Aggregated point queries with NanoCube are often 100x to 1,000x times faster than using Pandas.
The more selective the query, the more you benefit from NanoCube. For highly selective queries,
NanoCube can even be 10,000x times faster than Pandas. For non-selective queries, the performance
is 10x faster and finally similar to Pandas, as both rely on Numpy for aggregation. NanoCube
only accelerates the filtering of data, not the aggregation.
For the special purpose of aggregative point queries, NanoCube is even faster than other
DataFrame related technologies, like Spark, Polars, Modin, Dask or Vaex. If such libraries are
a drop-in replacements for Pandas, then you should be able to speed up their filtering quite noticeably.
Try it and let me know how it performs.
NanoCube is beneficial only if some point queries (> 5) need to be executed, as the
initialization time for the NanoCube needs to be taken into consideration.
The more point query you run, the more you benefit from NanoCube.
### Benchmark - NanoCube vs. Others
The following table shows the duration for a single point query on the
`car_prices_us` dataset (available on [kaggle.com](https://www.kaggle.com)) containing 16x columns and 558,837x rows.
The query is highly selective, filtering on 4 dimensions `(model='Optima', trim='LX', make='Kia', body='Sedan')` and
aggregating column `mmr`. The factor is the speedup of NanoCube vs. the respective technology.

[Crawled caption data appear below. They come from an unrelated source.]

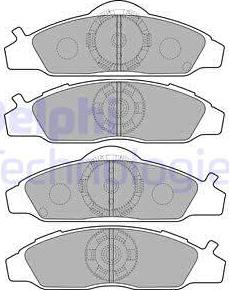 Delphi LP1817 - Комплект спирачно феродо, дискови спирачки vvparts.bg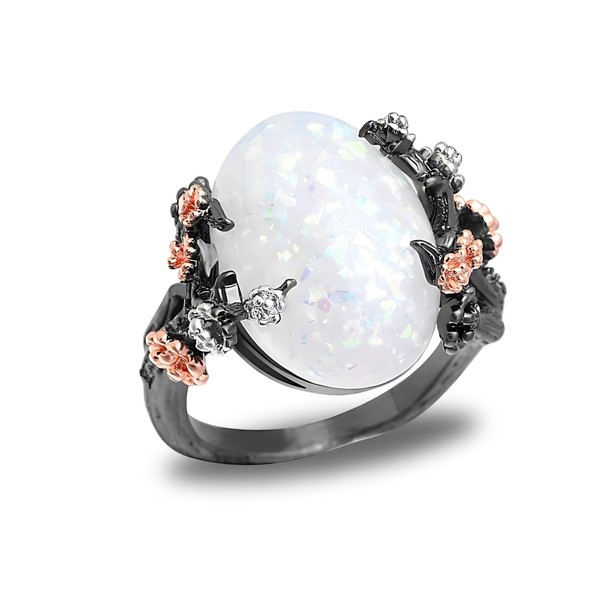 Henrietta Simulated Fire Opal Ring for Women by Ginger Lyne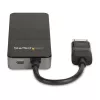 StarTech.com 3 prievadų kelių monitorių adapteris – DisplayPort 1.4 į 3x 4K DisplayPort vaizdo skirstytuvas – dvigubas arba trigubas 4K – nešiojamojo / stalinio kompiuterio DisplayPort MST centras keliems monitoriams – tik Windows PC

To reproduce the benchmark, you can execute file [nano_vs_others.py](benchmarks/nano_vs_others.py).
| | technology | duration_sec | factor |
|---:|:-----------------|---------------:|---------:|
| 0 | NanoCube | 0.021 | 1 |
| 1 | SQLite (indexed) | 0.196 | 9.333 |
| 2 | Polars | 0.844 | 40.19 |
| 3 | DuckDB | 5.315 | 253.095 |
| 4 | SQLite | 17.54 | 835.238 |
| 5 | Pandas | 51.931 | 2472.91 |
### How is this possible?
NanoCube creates an in-memory multi-dimensional index over all relevant entities/columns in a dataframe.
Internally, Roaring Bitmaps (https://roaringbitmap.org) are used by default for representing the index.
Initialization may take some time, but yields very fast filtering and point queries. As an alternative
to Roaring Bitmaps, Numpy-based indexing can be used. These are faster if only one filter is applied,
but can be orders of magnitude slower if multiple filters are applied.
Approach: For each unique value in all relevant dimension columns, a bitmap is created that represents the
rows in the DataFrame where this value occurs. The bitmaps can then be combined or intersected to determine
the rows relevant for a specific filter or point query. Once the relevant rows are determined, Numpy is used
then for to aggregate the requested measures.
NanoCube is a by-product of the CubedPandas project (https://github.com/Zeutschler/cubedpandas) and will be integrated
into CubedPandas in the future. But for now, NanoCube is a standalone library that can be used with
any Pandas DataFrame for the special purpose of point queries.
### Tips for using NanoCube
> **Tip**: Only include those columns in the NanoCube setup, that you actually want to query!
> The more columns you include, the more memory and time is needed for initialization.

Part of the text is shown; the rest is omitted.